MATERIALS PROVIDED:
------------------------------------------------------------

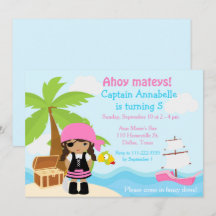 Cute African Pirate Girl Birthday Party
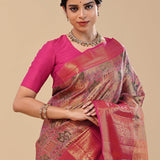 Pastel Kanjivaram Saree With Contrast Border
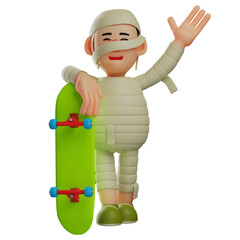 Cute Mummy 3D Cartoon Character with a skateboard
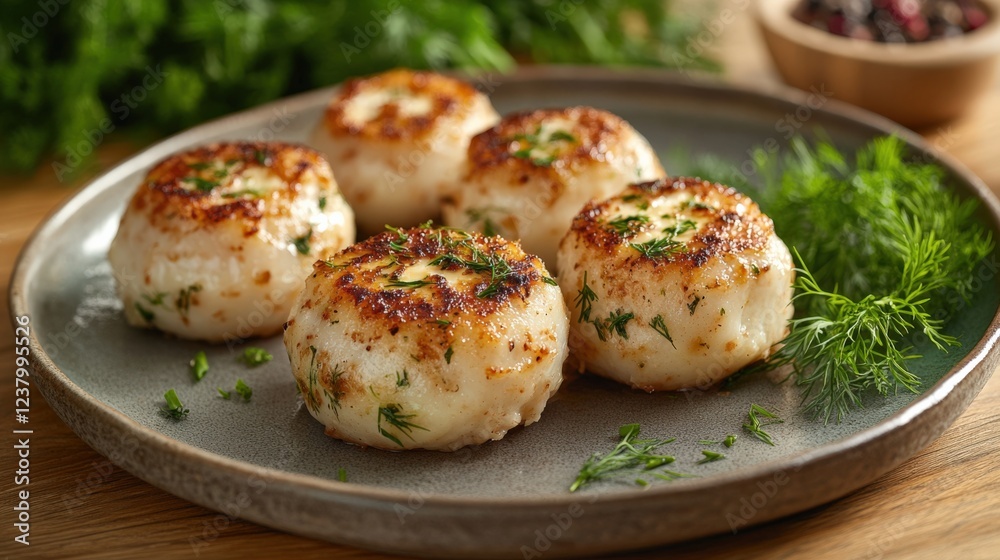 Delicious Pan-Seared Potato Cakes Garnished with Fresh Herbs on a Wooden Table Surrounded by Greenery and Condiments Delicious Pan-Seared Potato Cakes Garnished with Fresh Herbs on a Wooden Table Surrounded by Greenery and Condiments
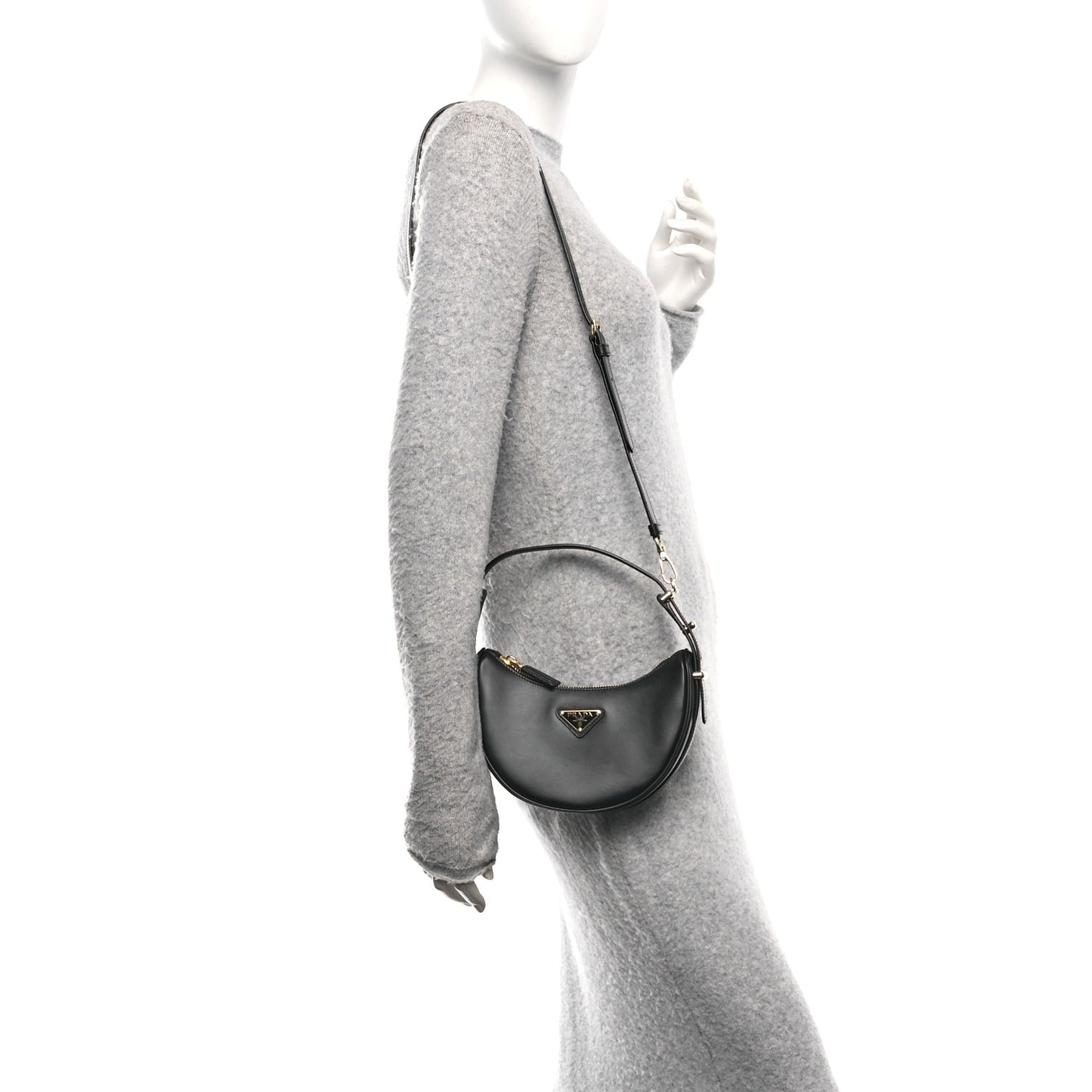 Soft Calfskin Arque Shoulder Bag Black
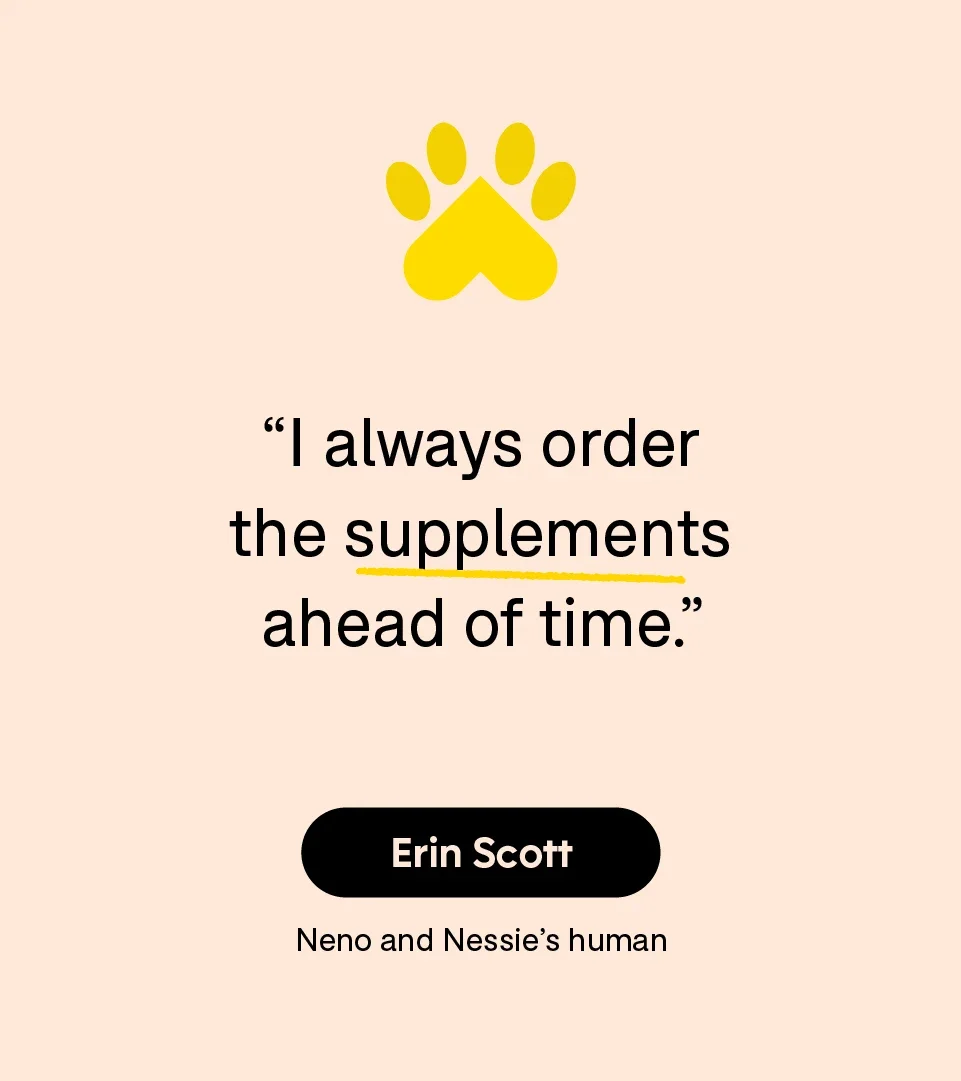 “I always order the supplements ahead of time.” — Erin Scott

------------------------------------------------------------

Images stay out; everything else in the records must be given again exactly.

 Cute African Pirate Girl Birthday Party
 Pastel Kanjivaram Saree With Contrast Border
 Cute Mummy 3D Cartoon Character with a skateboard
 Delicious Pan-Seared Potato Cakes Garnished with Fresh Herbs on a Wooden Table Surrounded by Greenery and Condiments Delicious Pan-Seared Potato Cakes Garnished with Fresh Herbs on a Wooden Table Surrounded by Greenery and Condiments
 Soft Calfskin Arque Shoulder Bag Black
 “I always order the supplements ahead of time.” — Erin Scott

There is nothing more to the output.